Corliss v. Davidson & Case Lbr. Co.

1938 OK 475, 84 P.2d 7, 183 Okla. 618, 1938 Okla. LEXIS 373
CourtSupreme Court of Oklahoma
DecidedOctober 4, 1938
DocketNo. 28438.
StatusPublished
Cited by23 cases

This text of 1938 OK 475 (Corliss v. Davidson & Case Lbr. Co.) is published on Counsel Stack Legal Research, covering Supreme Court of Oklahoma primary law. Counsel Stack provides free access to over 12 million legal documents including statutes, case law, regulations, and constitutions.

Bluebook
Corliss v. Davidson & Case Lbr. Co., 1938 OK 475, 84 P.2d 7, 183 Okla. 618, 1938 Okla. LEXIS 373 (Okla. 1938).

Opinion

PHELPS, J.

The Davidson & Case Lumber Company obtained a judgment foreclosing its materialmen’s lien against certain *619 property owned by George E. Corliss. Thereafter, and during the same term of court, Mr. Corliss filed a motion in that proceeding, seeking to vacate the judgment on jurisdictional grounds. A hearing was had on that motion, at which all parties were present; the court heard argument and overruled the motion. Mr. Corliss then filed a motion for new trial, and same was likewise argued and overruled, whereupon he gave notice of appeal, and had the case-made prepared and filed same in 'the office of the district court clerk. Prior to expiration of the period in which he could have perfected the appeal, which he now appears to have abandoned, he filed the present action in the same district court, it being a separate action, by petition, naming himself as plaintiff. In the present action he seeks to vacate the judgment in the former action, on the same jurisdictional grounds which formed the basis of his overruled motion to vacate in that action.

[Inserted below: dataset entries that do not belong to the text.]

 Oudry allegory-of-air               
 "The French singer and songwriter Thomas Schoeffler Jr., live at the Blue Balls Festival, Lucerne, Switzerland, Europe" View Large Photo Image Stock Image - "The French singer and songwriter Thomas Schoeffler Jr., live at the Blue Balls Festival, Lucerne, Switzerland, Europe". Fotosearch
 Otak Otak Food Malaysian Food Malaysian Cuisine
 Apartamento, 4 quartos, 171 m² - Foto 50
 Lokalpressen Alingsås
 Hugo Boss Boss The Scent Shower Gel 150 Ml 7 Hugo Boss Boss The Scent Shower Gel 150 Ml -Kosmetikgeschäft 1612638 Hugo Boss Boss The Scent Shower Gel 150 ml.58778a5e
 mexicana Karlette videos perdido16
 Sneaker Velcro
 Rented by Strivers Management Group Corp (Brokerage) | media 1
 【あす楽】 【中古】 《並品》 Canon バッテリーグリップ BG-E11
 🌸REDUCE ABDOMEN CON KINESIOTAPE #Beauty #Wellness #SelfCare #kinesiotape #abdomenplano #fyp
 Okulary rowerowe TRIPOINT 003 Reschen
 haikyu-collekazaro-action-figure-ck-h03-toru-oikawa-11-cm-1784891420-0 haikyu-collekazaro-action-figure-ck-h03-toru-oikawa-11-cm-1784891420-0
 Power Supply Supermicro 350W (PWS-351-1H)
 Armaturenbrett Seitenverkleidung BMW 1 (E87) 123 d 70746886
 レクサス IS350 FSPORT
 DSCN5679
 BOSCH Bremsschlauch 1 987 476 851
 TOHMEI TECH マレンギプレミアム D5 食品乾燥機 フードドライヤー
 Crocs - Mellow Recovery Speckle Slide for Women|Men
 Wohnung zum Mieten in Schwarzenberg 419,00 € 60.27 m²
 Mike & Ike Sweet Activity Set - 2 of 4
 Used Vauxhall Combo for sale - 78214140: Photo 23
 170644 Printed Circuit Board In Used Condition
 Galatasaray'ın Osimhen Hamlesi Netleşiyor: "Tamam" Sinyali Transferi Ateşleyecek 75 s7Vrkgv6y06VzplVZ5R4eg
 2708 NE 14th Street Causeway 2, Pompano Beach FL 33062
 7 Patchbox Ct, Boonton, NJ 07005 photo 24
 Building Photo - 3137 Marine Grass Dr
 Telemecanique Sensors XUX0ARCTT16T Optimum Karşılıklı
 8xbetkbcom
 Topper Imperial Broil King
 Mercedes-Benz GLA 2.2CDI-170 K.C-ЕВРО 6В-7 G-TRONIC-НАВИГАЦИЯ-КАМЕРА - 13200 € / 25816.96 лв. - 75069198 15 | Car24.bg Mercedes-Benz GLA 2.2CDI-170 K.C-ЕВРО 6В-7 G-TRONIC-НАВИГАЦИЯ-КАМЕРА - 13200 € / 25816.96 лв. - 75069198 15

After setting forth such grounds the petition in the present case contains the following statement:

“Plaintiff further states that he has used all diligence to obtain relief from the aforesaid illegal, unlawful and void judgment by filing motion to set the same aside, motion for a new trial, and finally notice of appeal by reason of the refusal of the trial court to grant to this plaintiff the relief to which he is entitled, viz., judicial nullification of said judgment, fraudulently secured as herein alleged.”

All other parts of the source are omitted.